** Activity **
Show all lines from the listing below that contain "grey".

** Input for this task **
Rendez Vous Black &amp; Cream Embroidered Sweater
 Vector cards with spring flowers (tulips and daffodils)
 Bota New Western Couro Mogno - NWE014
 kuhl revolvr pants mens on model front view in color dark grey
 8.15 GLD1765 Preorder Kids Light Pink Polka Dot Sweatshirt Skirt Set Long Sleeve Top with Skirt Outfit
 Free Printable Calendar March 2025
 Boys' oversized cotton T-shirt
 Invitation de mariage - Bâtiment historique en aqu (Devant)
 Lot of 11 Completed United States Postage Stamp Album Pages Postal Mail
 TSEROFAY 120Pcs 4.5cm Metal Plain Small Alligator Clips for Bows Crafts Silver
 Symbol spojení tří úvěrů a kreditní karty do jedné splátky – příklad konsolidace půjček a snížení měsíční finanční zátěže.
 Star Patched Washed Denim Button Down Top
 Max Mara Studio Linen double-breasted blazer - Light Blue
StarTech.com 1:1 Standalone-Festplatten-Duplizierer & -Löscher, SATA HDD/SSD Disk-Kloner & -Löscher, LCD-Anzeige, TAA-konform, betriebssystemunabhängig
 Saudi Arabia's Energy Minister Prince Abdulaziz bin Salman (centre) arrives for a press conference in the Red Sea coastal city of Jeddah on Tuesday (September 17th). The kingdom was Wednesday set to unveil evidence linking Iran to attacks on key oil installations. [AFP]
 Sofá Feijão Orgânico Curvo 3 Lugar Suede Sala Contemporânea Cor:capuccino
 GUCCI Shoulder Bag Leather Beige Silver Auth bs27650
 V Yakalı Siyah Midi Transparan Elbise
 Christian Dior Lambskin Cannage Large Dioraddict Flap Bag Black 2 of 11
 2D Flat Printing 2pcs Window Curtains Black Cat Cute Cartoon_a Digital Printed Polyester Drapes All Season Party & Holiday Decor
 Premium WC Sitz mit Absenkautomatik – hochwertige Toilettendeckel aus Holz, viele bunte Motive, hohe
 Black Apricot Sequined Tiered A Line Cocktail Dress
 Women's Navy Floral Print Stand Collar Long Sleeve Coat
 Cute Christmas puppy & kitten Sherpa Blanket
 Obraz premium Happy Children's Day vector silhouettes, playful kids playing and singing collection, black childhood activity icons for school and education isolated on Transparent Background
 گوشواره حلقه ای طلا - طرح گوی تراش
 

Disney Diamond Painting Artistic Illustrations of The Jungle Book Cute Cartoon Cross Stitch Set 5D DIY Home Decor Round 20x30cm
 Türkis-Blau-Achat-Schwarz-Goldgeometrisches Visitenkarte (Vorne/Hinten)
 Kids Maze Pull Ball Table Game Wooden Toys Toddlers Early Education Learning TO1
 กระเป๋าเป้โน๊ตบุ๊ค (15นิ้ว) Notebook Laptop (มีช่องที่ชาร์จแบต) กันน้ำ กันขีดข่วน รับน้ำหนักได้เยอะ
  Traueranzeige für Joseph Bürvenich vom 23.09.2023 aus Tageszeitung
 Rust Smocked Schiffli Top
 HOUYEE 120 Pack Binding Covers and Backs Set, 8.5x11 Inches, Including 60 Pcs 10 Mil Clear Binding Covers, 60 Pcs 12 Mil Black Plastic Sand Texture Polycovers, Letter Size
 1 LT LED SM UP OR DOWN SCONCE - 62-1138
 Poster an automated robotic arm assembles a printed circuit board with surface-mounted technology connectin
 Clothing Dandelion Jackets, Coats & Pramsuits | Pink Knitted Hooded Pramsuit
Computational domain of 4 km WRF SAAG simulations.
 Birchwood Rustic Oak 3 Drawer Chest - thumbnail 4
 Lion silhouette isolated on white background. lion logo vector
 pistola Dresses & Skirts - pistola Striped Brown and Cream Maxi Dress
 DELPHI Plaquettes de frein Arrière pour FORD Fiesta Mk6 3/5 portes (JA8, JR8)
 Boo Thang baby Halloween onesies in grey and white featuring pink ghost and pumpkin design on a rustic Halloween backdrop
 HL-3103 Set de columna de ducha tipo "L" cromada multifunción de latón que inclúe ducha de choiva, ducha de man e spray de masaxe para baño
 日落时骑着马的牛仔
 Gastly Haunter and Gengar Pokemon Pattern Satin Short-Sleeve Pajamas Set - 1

** Result for this task **
 kuhl revolvr pants mens on model front view in color dark grey
 Boo Thang baby Halloween onesies in grey and white featuring pink ghost and pumpkin design on a rustic Halloween backdrop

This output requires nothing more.